#### [WHAT TO WORK ON]
Pictures in the listing do not belong in the copy, which should repeat exactly the lines from the one holding "Wood Console Table" through the last line.

#### [THE DATA]
----

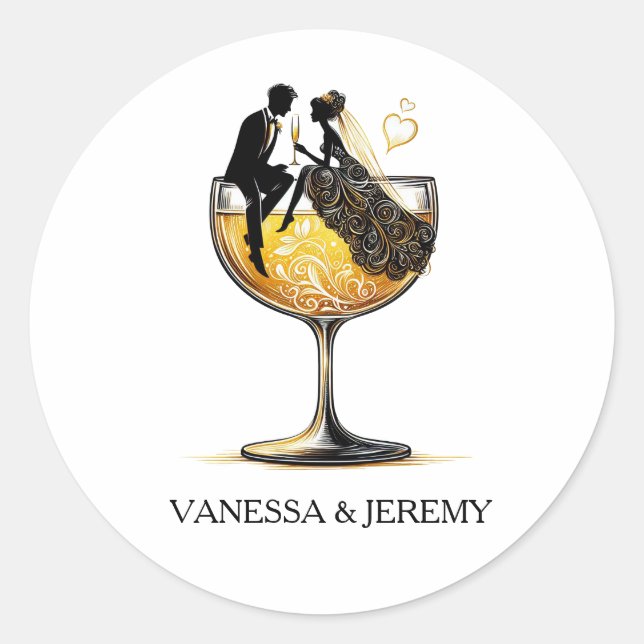 Sticker Rond Couple au Champagne (Devant)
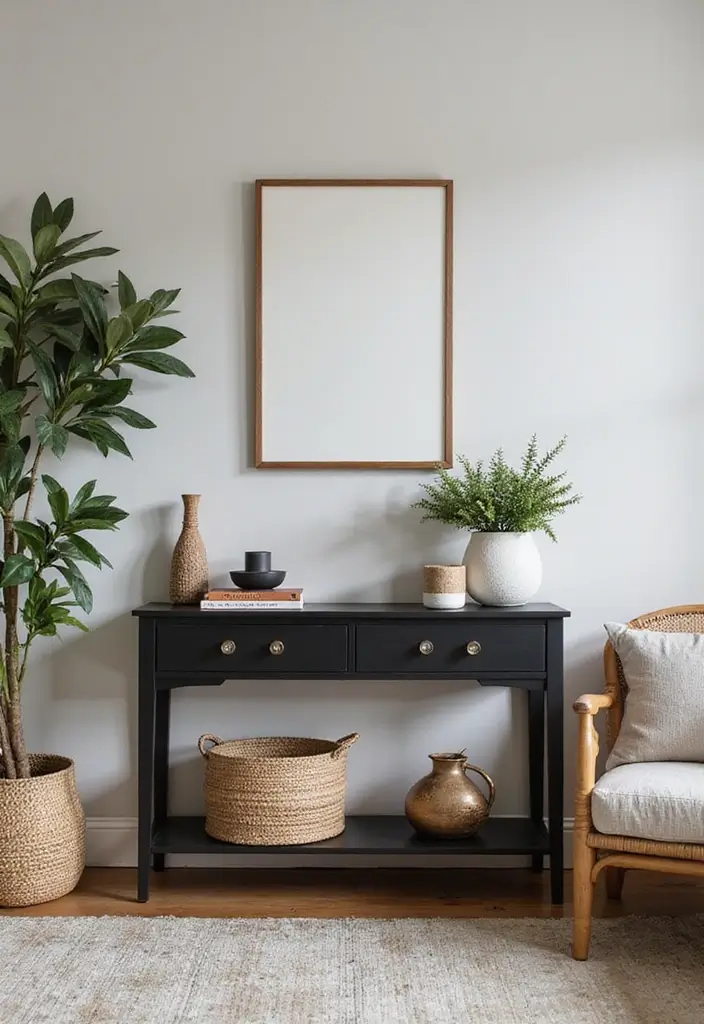 27 Black and Wood Living Room Decor Ideas That Feel Sleek and Cozy 63 27 Black and Wood Living Room Decor Ideas That Feel Sleek and Cozy - 15. Black and Wood Console Table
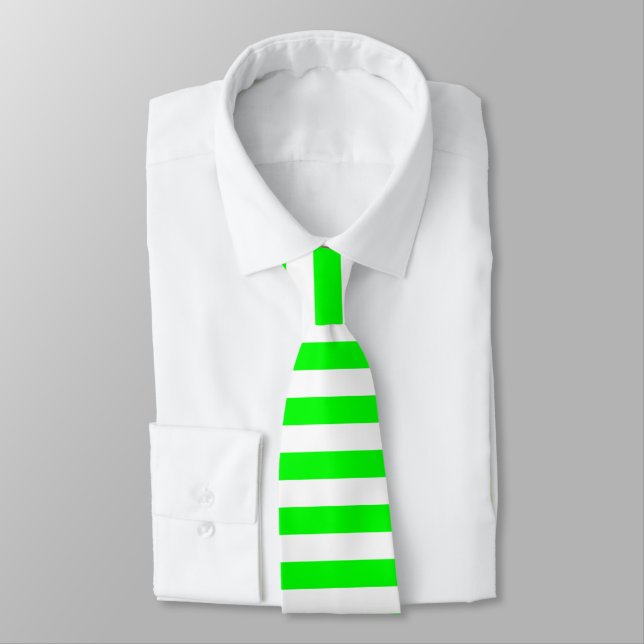 Bright Neon Chartreuse Grönt och White Rand Tie Slips (Bunden)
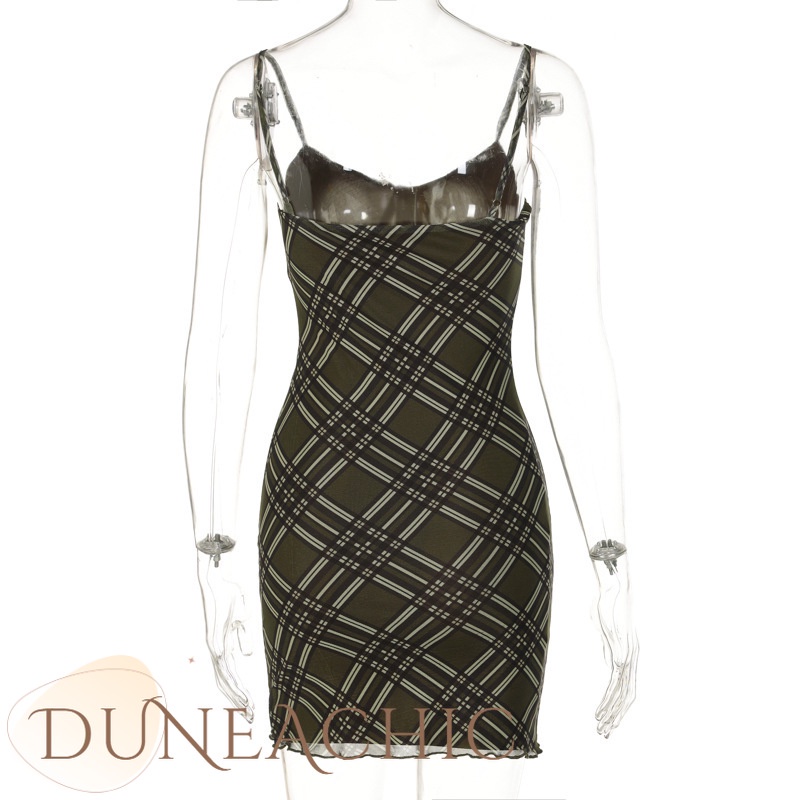 DUNEA Đầm hai dây họa tiết sọc caro phong cách vintage quyến rũ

----

#### [SOLUTION TO THIS PROBLEM]
 27 Black and Wood Living Room Decor Ideas That Feel Sleek and Cozy 63 27 Black and Wood Living Room Decor Ideas That Feel Sleek and Cozy - 15. Black and Wood Console Table
 Bright Neon Chartreuse Grönt och White Rand Tie Slips (Bunden)
 DUNEA Đầm hai dây họa tiết sọc caro phong cách vintage quyến rũ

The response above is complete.